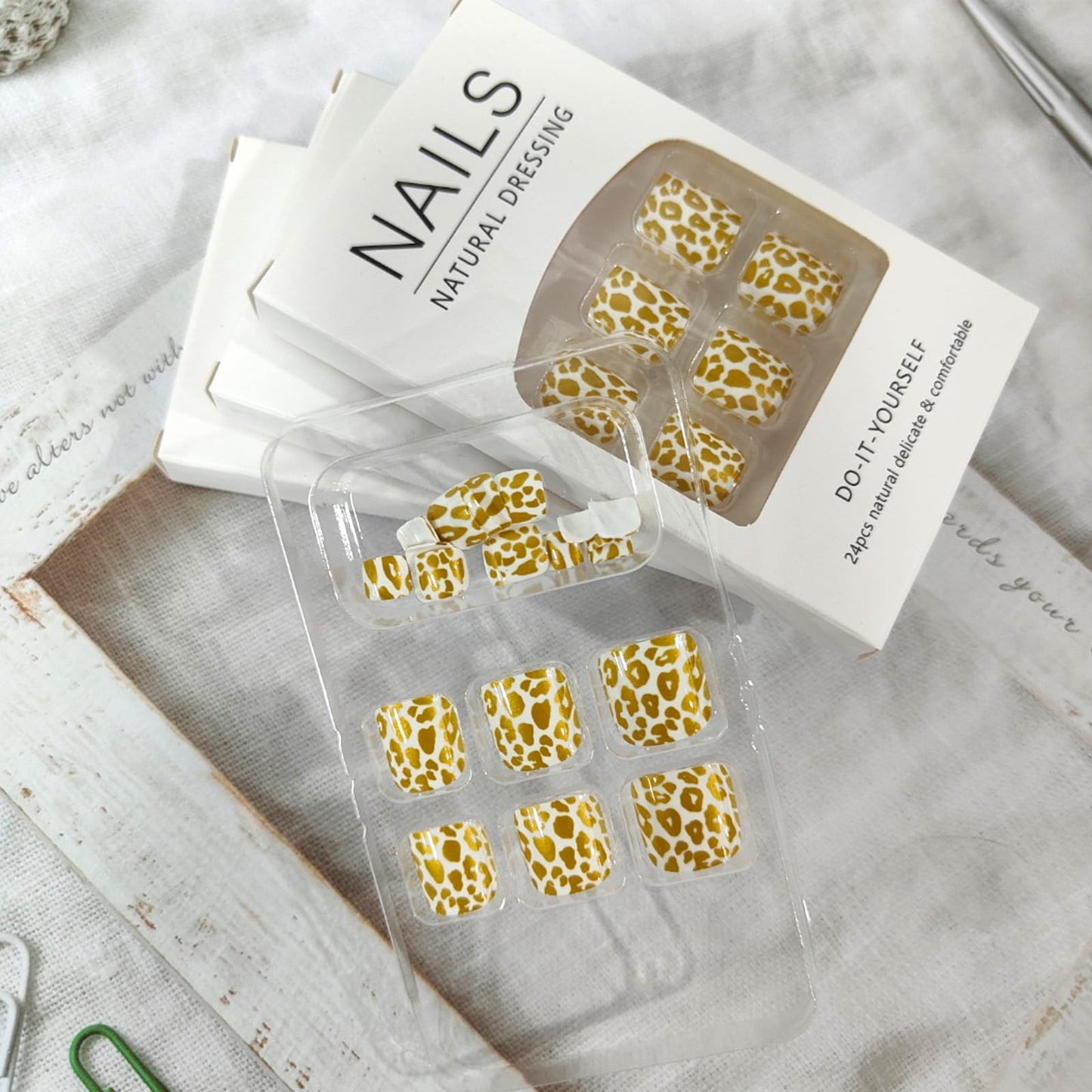 Gold Press on Toenails Short Square Fake Toe Nails with Golden Leopard Print Designs Acrylic False Toenails Glossy Summer Toenail Press on Nails Artificial Toenails for Coquette Women 24Pcs
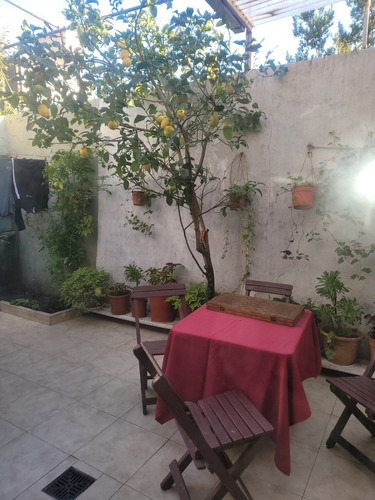 Imagen 7 de 10 de Excelente Casa 7 Ambientes En 2 Plantas Patio Terraza Parrilla Quincho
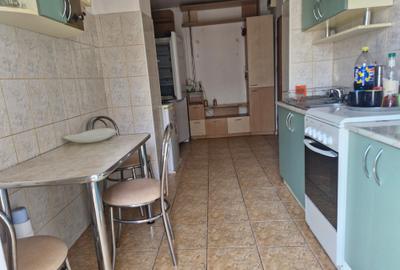 Apartament cu 3 camere decomandat, mobilat în Girocului - 10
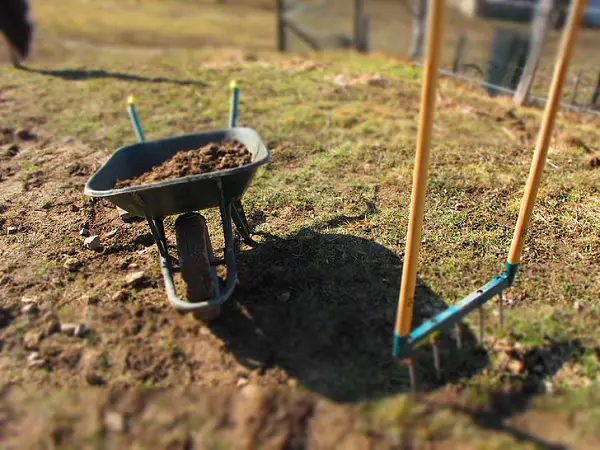 utiliser une fourche a becher pour preparer la terre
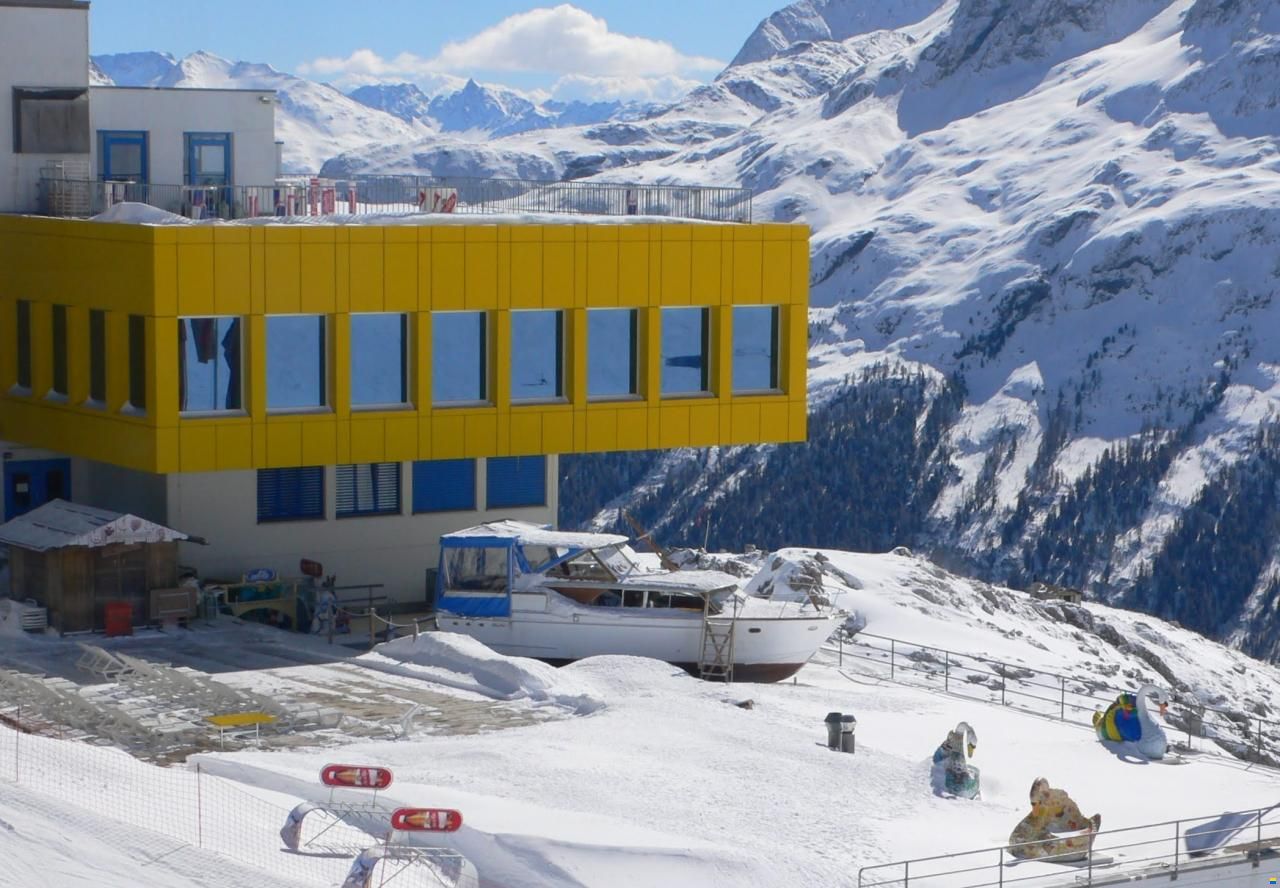 Swiss Craft Sedan Express Cruiser 9,60 m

===============

What you will do: Starting at the line that contains "Apartament cu 3", return every line through the end of the records above exactly as written, and return no pictures.

Response:
 Apartament cu 3 camere decomandat, mobilat în Girocului - 10
 utiliser une fourche a becher pour preparer la terre
 Swiss Craft Sedan Express Cruiser 9,60 m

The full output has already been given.